Method RMSE ↓ PSNR ↑ SSIM ↑ LPIPS ↓
LightIt* 0.341(0.302) 9.61(10.65) 0.232(0.332) 0.564(0.518)
RGB↔X 0.269(0.251) 12.47(12.99) 0.416(0.437) 0.439(0.425)
ScribbleLight 0.206(0.190) 14.29(15.01) 0.436(0.504) 0.394(0.370)

Evaluated on 206 pairs of test images from the BigTime timelapse dataset.
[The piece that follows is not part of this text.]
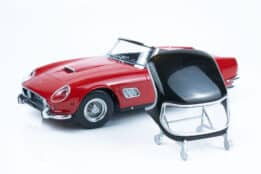 KK Scale - 1:18 Ferrari 250 GT California Spyder European Version 1960 Red - Diecast Model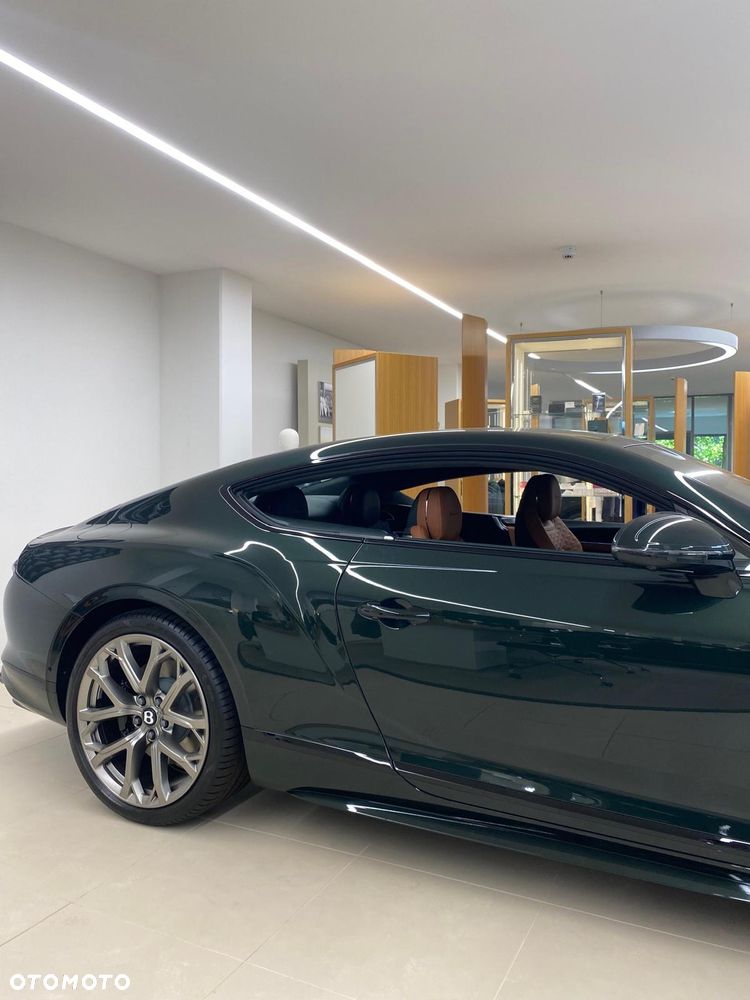 Bentley Continental GT W12 - 5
Reports mean(best) values over 5 random seeds.

Ablation Study

Albedo Conditioning Type Noising RMSE ↓ PSNR ↑ LPIPS ↓
ControlNet Input - 0.2305 13.19 0.4839
SD Conditioning No 0.2082 14.07 0.4193
SD Conditioning Yes 0.2059 14.29 0.3942
Normal Map Decoder RMSE ↓ PSNR ↑ LPIPS ↓
× 0.2224 13.61 0.4251
× 0.2098 14.06 0.4093
0.2059 14.29 0.3942

Key Findings

  • Albedo-conditioned SD performs significantly better than injecting albedo into ControlNet (LPIPS 0.3942 vs. 0.4839).
  • Adding noise to the albedo latent space significantly enhances both robustness and lighting diversity.
  • The normal map and the control decoder contribute independently; missing either leads to artifacts or geometric inconsistencies.
  • Even if the scribbles are physically inconsistent, the model can still generate visually plausible results (e.g., "imagining" out-of-frame light sources).
  • Results generated with different random seeds consistently follow the scribble guidance while providing diverse illumination variations.
  • Supports progressive scribbling (coarse-to-fine), enabling iterative refinement by the user.

Highlights & Insights

  1. Scribbles serve as an intuitive and natural interaction modality for relighting control, significantly lowering the user barrier.
  2. Adding fixed noise to the albedo condition is simple yet effective, tolerating prediction errors while promoting lighting diversity.
  3. The encoder-decoder regularization ensures that the latent features encode informative geometric and illumination characteristics.
  4. The model automatically generates plausible secondary lighting effects (such as soft halos around lamps), even if they are not explicitly specified in the scribbles.

Limitations & Future Work

  • Cannot correct highly physically inconsistent scribbles, which may result in implausible lighting effects.
  • Color lighting adjustment is not supported; the generated results tend to bias towards common colors (e.g., yellow, blue).
  • The training data is limited to LSUN Bedrooms; generalizing to other indoor scenes requires more diverse datasets.
  • Future work could support color scribbles to control the color of light sources.
  • Compared to LightIt, albedo conditioning significantly improves texture and color preservation.
  • Compared to the intrinsic decomposition-recomposition approach of RGB↔X, scribbles do not require pixel-accurate shading.
  • The concept of scribble control can be extended to other image editing tasks that require fine-grained, localized user control.

Rating

  • Novelty: 7/10 — The combination of scribbles and relighting is novel, though the technical components (albedo-conditioned SD, ControlNet) have precedents.
  • Experimental Thoroughness: 7/10 — Quantitative comparisons and ablation studies are provided, but the test set is limited and a user study is missing.
  • Writing Quality: 8/10 — Clear structure, rich illustrations, and well-defined problem formulation.
  • Value: 7/10 — Provides a practical and intuitive tool for indoor lighting editing.